I work in IT, and there's a special corner of the back room where old computers go to die. It's called the eWaste corner, and it hurts me to walk past it. When a computer is too slow or old and is decommissioned, it's thrown into that pile. You might be picturing beige 90's computers or CRT monitors, but at this point the things getting thrown in there are as new as the Dell Optiplex 3040, a computer with a 6th Gen Intel chip. I could have sworn that 6th gen was like 3 years ago, but holy moly, how times flies.
Somehow 2015 was almost 10 years ago, how the hell is it 2024?
For reference, machines with 6th Gen look like this:
Now you would think that these could get donated to some noble cause like an underfunded elementary school or something, but it seems that even these are too slow or old for them, apparently.
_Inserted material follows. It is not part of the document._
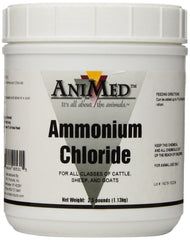 ANIMED ammonium chloride powder packaging for animal supplementation and urinary support.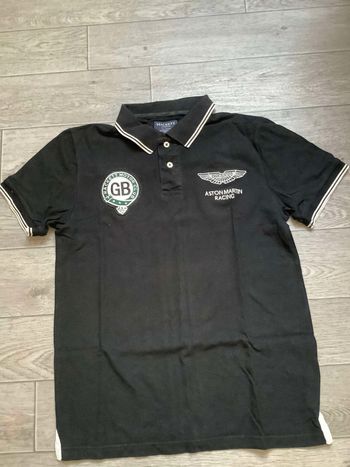 Polo noir et blanc  Hackett aston martin racing  Taille S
I plan on taking a couple home and doing something with them, maybe more homelabs? The problems begin with power efficiency. These machines aren't exactly known for sipping power. It's tough because I already have a homelab. In fact, mine is based on a far OLDER Dell machine, the Inspiron 560, which used Core 2 processors on Socket 775. It still works well, by the way, hosting this website and plenty of other home services.
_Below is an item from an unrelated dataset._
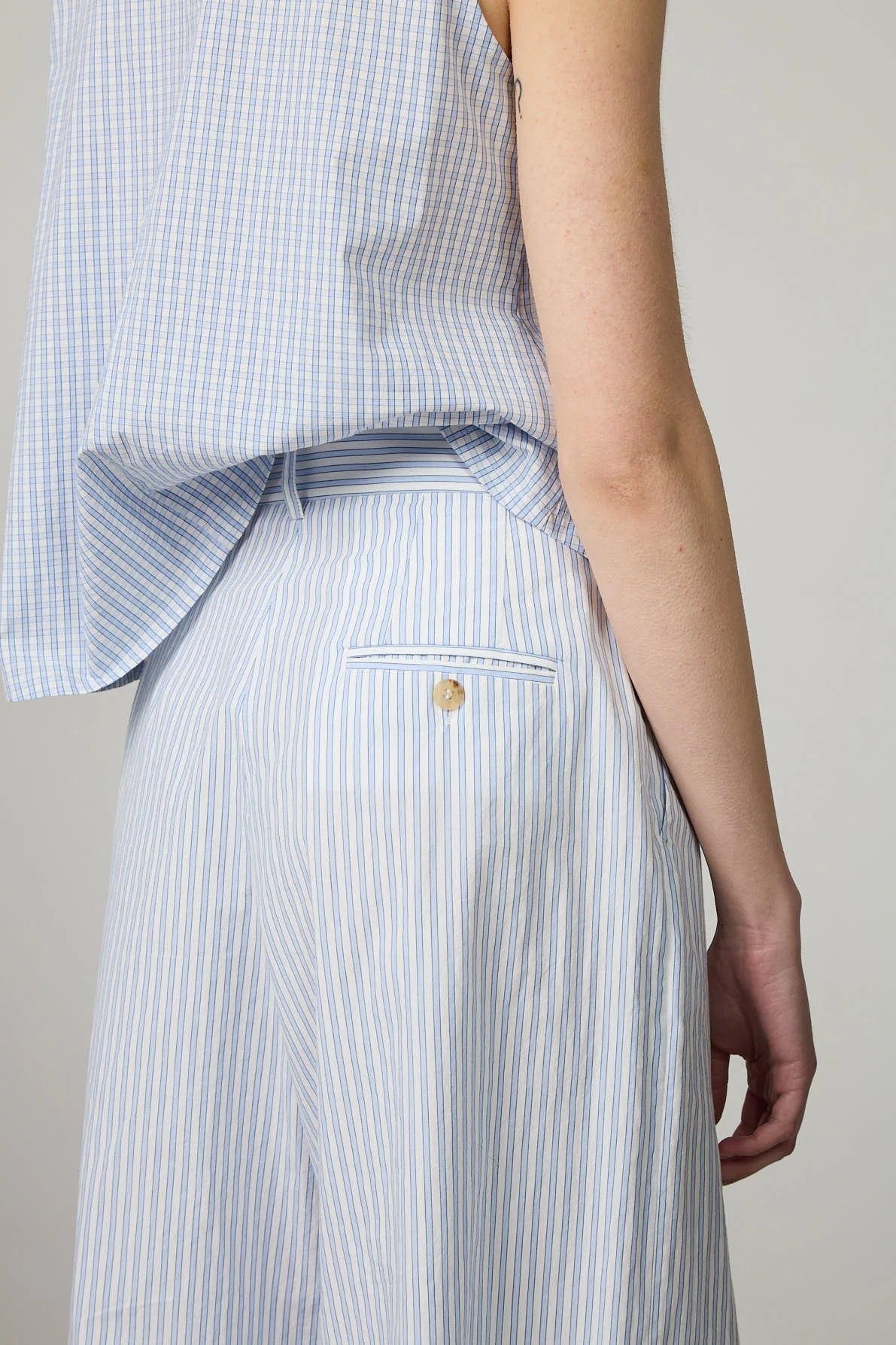 Minina High Waisted Straight Leg Trousers - Japanese Cotton Stripe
Sure maybe I could rescue 2 or 3, but it feels like an animal kill shelter. Eventually the pile will get cleared out and sent to a generic electronics recycler, destined to be melted down and sold for scrap. I cannot physically adopt/rescue enough.
Here's the pile in question:
But it's not limited to just computers, either. Plenty of other electronics hit the end of their lives, including a massive pile of Aruba WAPs, all destined for the scrap heap for the simple crime of only supporting up to WiFi 5. They're perfectly functional, just 10 years old, which somehow was 2014, I guess.
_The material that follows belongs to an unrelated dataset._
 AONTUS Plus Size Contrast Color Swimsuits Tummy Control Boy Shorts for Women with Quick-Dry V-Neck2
This also hurts to see, maybe I'll get some practice setting up WAPs with these, if I decide to take them. I guess I'll need to get my hands on a PoE switch, of which there are none in the eWaste area.
This isn't just limited to desktop machines and WAPs. Laptops also end up here, though I can more easily understand the decision to put these here. Their useful lifetimes I agree are over, so I feel less bad about their inclusion as eWaste, but it still stings just a bit.
Maybe a future post will be on what happens with my rescued machines.